Bu makalenin amacı R. F. Langley’nin şiirlerini, bağlamsal/metinsel ilişkilerin açık sahasında manzara-dil etkileşiminin belirlediği radikal manzara şiirinin bir örneği olarak ve “Bülbül’e” adlı şiiri odağında incelemektir. Langley’nin şiirleri gelenekle yeniliğin, olumlamayla olumsuzlamanın, kesinlikle şüphenin ve insanla insan olmayanın modernist bir bileşiğidir. Langley’nin şiirsel manzaraları ya da sanat tuvali zamanın geç-modernist yazılarıyla ilişkilendirilir. Langley’nin şiirlerinde manzara/çevre ile insanlık, insanla insan olmayan arasındaki ilişkiler birbirlerini karşılıklı olarak kurar. Romantik söylemle varoluşçu söylemin arasında yer alan Langley şiirleri modernist, kişisel olmayan, bilimsel, yenilikçi, deneysel ve kurgusal bir gerçeklik ve dil yaklaşımına sahiptir. “Bülbül’e” şiiri, gerçeklik ve dilin modernist belirsizliğini, şiirde konuşan kişinin varoluşun dama tahtasında doğruluk ve ifade seçenekleri arasında vertigovari sendelemesi yoluyla ve aynı zamanda şiirin zıt kutuplar arasında değişen, düzensiz yapısı ile şekli ve  “yanaşık sıralama” (parataxis), “yanyanalık”(juxtaposition), “artlama” (enjambment), “koşutluk” (parallelism), “sapma” (deviation), “önceleme” (foregrounding) ve söylemsel bağlantılar gibi biçembilimsel yöntemler aracılığıyla örnekler. 
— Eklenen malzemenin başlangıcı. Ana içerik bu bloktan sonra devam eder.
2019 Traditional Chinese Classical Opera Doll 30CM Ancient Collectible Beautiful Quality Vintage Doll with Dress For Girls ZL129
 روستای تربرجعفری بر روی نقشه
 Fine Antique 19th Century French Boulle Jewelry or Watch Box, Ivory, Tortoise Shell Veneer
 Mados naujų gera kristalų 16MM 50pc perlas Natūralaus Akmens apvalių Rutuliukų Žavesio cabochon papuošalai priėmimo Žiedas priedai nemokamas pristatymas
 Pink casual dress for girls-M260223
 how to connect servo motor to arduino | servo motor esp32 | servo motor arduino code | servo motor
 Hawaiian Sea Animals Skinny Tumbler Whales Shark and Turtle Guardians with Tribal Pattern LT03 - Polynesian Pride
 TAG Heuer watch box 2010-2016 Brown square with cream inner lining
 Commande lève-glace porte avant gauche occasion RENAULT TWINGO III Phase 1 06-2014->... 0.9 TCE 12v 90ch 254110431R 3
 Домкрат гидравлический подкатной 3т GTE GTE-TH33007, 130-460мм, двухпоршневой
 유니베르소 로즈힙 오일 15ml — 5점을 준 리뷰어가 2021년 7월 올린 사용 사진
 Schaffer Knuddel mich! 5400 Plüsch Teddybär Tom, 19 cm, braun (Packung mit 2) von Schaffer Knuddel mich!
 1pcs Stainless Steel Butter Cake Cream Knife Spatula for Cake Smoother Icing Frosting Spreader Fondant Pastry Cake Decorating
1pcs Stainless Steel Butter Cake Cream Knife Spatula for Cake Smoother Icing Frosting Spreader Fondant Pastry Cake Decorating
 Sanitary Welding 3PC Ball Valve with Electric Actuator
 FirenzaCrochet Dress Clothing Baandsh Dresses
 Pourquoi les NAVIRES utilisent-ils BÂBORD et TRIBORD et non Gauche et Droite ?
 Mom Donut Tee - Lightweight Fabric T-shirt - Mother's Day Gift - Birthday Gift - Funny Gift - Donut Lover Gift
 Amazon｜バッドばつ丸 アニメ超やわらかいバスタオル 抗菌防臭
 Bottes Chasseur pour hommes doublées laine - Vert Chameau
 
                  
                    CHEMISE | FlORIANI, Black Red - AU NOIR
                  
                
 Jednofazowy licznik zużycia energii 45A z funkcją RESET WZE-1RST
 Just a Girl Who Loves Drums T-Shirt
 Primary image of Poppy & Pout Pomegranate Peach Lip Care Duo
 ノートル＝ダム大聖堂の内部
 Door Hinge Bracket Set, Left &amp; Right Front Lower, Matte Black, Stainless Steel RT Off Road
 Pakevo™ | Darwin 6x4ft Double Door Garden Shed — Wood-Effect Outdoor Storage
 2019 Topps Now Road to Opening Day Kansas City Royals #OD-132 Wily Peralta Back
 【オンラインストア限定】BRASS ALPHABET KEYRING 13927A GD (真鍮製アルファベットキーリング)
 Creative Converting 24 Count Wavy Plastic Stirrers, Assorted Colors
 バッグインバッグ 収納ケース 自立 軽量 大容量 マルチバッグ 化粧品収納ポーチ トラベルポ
RADICAL LANDSCAPES OF R. F. LANGLEY’S POETRY: A STYLISTIC ANALYSIS OF TO A NIGHTINGALE

This paper aims to examine R. F. Langley’s poetry as an example of radical landscape poetry, which is characterized by the interplay between landscape and language in an open field of con/textual relationships, with a focus on his poem “To a Nightingale”. Langley’s poetry can be regarded as a Modernist compound of tradition and innovation, affirmation and negation, certainty and doubt, and the human and the non-human. Langley’s poetic landscape(s) or his artistic canvas is associated with the late-modernist writing of his time. In Langley’s poetry, the relationships between landscape/environment and humanity, the human and the non-human are depicted as mutually constructive. Situated between the romantic and the existentialist discourses, Langley’s poetry possesses a modernist, depersonalized, scientific, innovative, experimental and speculative approach to reality and language. “To a Nightingale” epitomizes the modernist indeterminacy of reality and language through the vertiginous vacillation of the speaker between alternatives of truth and expression in the checkerboard of existence, as well as through the disordered structure and shape of the poem, alternating between opposite poles, through the use of stylistic devices such as parataxis, juxtaposition, enjambment, parallelism, deviation, foregrounding and discoursal relations.